Пика венчала забор, который окружал детский сад номер 16 в моем дворе в Тракторозаводском поселке. Никто уже и не вспомнит, когда забор пал – уж точно после того, как последние дети ушли с территории безвозвратно. А сам сад, зиявший пустыми окнами с десяток лет, уже пару недель лежит в руинах и превращается в пыль под ковшом экскаватора. Земля ожидает инвестора под чутким руководством бессердечных Служителей Церкви Генплана. Вокруг руин пока еще спеют яблоки.
А тогда с Кислым и Коляном мы сидели на заборе и раздражали детсадовских. Мы уже давно ушли в школу, а потому имели полное право быть борзыми. Только детсадовский сторож так не думал, а потому пика впилась в задницу в попытке дать деру, чтобы не отгрести по спине лопатой.
Зимой в эпоху детсадовской песочницы на окне моей комнаты появлялись снегири и еловые лапки, срисованные со старой открытки по случаю Нового года. Окна выходили во двор, и их видел весь выползавший на прогулку сад. В силу особого качества гуаши снегири торчали на окне до поздней весны, когда на Тракторном начиналась Великая Весенняя Уборка.
Весной район окутывал белый дурман: после майских праздников цвели вишни, яблони и алыча. В песочницах гадили крикливые котики. В подъездах – застенчивая алкашня. В стираных простынях путался ветер.
По первому теплу во всех домах открывались и мылись окна. Выползали на солнцепек соседи. Давали чуткие указания, как правильно вскапывать палисадники. Разносился по двору чернозем из коммунальной кучи. Высаживались фиалки, флоксы, георгины, хризантемы да субтильная королева сумерек – ночная фиалка. Мои настойчивые детские попытки воткнуть рядом каштан тщательно пресекались.
Палисадники – особая гордость и трагедия нашего дома и моей мамы. Особая гордость, потому что роскошные кусты гортензии. Особая трагедия, потому что эти кусты приходилось спасать от коммунальщиков, у которых вошло в привычку раскапывать трубы по несколько раз в год.
Летом в домах текла неспешная жизнь и натуральный обмен.
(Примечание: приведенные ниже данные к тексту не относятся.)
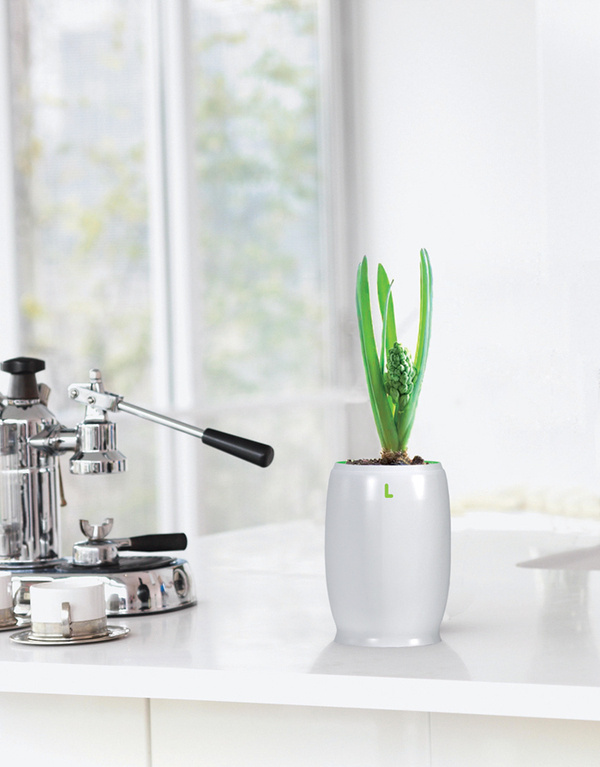Inspired by nested Russian dolls, +5 Pots for Lots is a creative way to conserve water. Each pot has a letter indicating the size that corre #creative #spots #design #smart #product #systems #object #watering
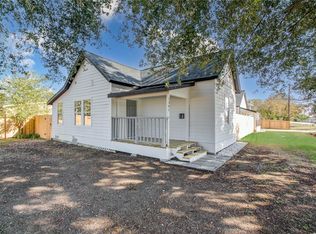 1301 Southgate Dr, Rosenberg, TX 77471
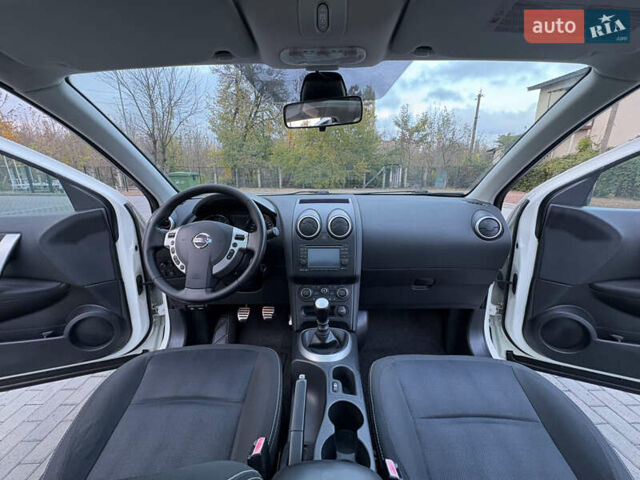 Ниссан Кашкай 2012 в Житомире на Automoto.ua Белый Ниссан Кашкай, объемом двигателя 1.5 л и пробегом 212 тыс. км за 11899 $, фото 35 на Automoto.ua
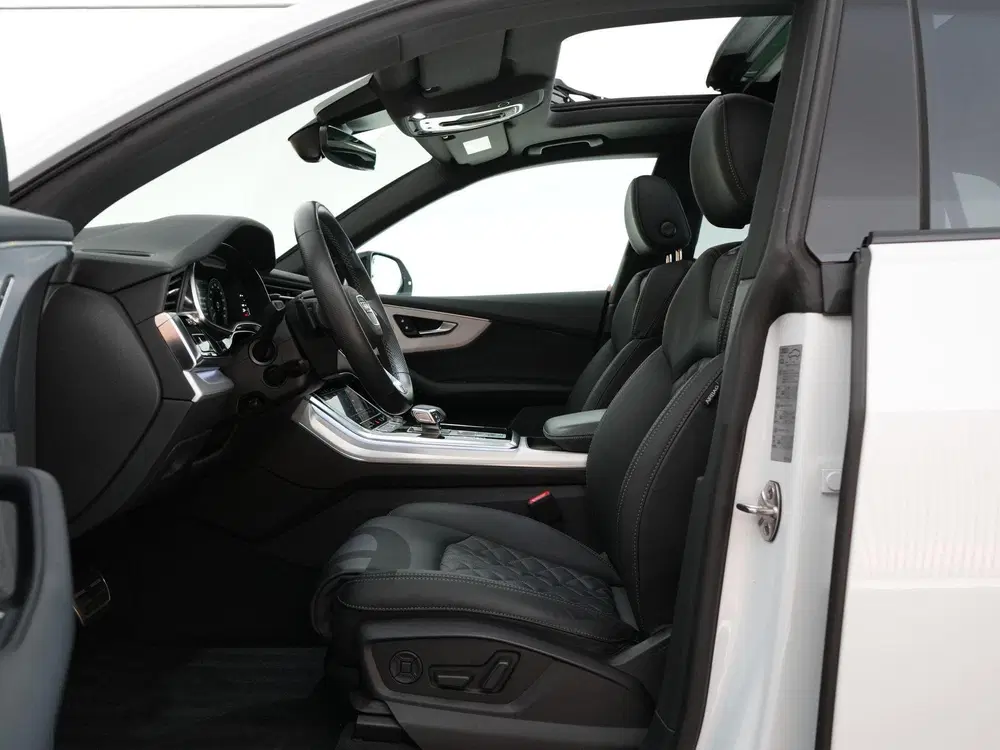 Audi Q8 TFSI e 462pk quattro Pro Line S Competitio uit 2021, foto 10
Через открытые окна переговаривались, а то и переругивались, соседки. Одалживали соль, одаривали друг друга яблоками и дачными ромашками. Обменивались новостями и слухами. Пьяными теплыми вечерами на лавках у подъездов собирались все, кто мог. Бал в моем дворе правила Валя — крикливая и неуместная, как сработавшая на автомобиле сигнализация. Синяя от запоев, Валя крыла матом весь двор, а потом ревела пьяными слезьми и просила у всех предварительно охаянных на опохмел.
Осенью – впрочем, как и в любой другой сезон – на улицах появлялись киношники: где еще в городе можно было найти атмосферный фон для очередной драматической истории? Они ловили в объектив какую-то особую творческую грусть и отлавливали мелких на велосипедах – скрашивать в кадре листопад. Листопад был особенно хорош в скверике между железной дорогой и Клумова. Там бегали на физкультуре ученики машиностроительного и студенты Сахаровки, и трагические выражения их лиц напоминали увядшую листву, шелестевшую под ногами.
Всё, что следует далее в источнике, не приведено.